I cannot go on, I cannot. I will die here
.
Slowly his breathing began to come more smoothly, his laboring heart calmed. He knew with the remotest consciousness that Callista had gone into phase with him, regulating his heart and breathing, Now he could struggle upward again, although the stairs were gone. As his sense of struggling upward and upward grew more intense he began, desperately, to formulate the memory of the cliff-climbing, ice-and-rock techniques he had learned as a boy at Nevarsin, as if he were dragging himself up rough-cut hand- and footholds, fixing imaginary ropes and pitons to help him haul his reluctant body upward. Then he lost his body again, and all track of levels and effort, moving only by fierce concentration from darkness to darkness. In one of them there were strange, formless cloud masses and he seemed to wallow through bogs of cold slime. In another there were presences everywhere, crowding him, thrusting their intangible shapelessness against him, crowding. . . . The very concept of
form
was lost. He could not remember what a body was, or what it felt like to have one. He was as shapeless, as everywhere-and-nowhere as
they
, whatever they were, everywhere interpenetrating. He felt sick and violated, but he struggled on, and after eternities this too was gone.

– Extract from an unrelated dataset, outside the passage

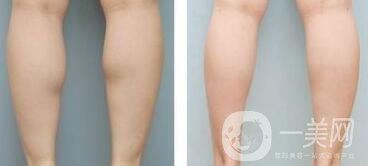 **果嗎、*有副作用嗎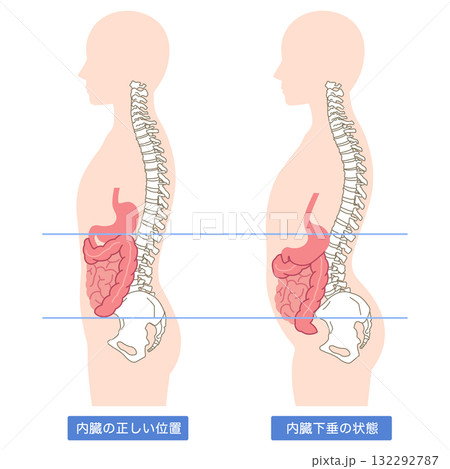 内臓下垂　内臓の位置が下がっている状態 132292787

Finally they reached a curious, thin darkness, and Leonie, close beside him in the nowhere spaces, said, but not in words:
This is the level where we can slip loose of linear time. Try to think of moving along a river upstream. It will be easier if we find a single fixed place and move back from there. Help me find Arilinn
.
Damon thought
Is Arilinn here too?
and knew he was being absurd. Every place which physically existed must stretch upward through all the levels of the universe. Intangibly, a hand gripped his and Damon felt his own hand materializing where it might have been if, here, he had one. He focused his mind on Arilinn, saw a dim shadow and found himself in Leonie’s room there.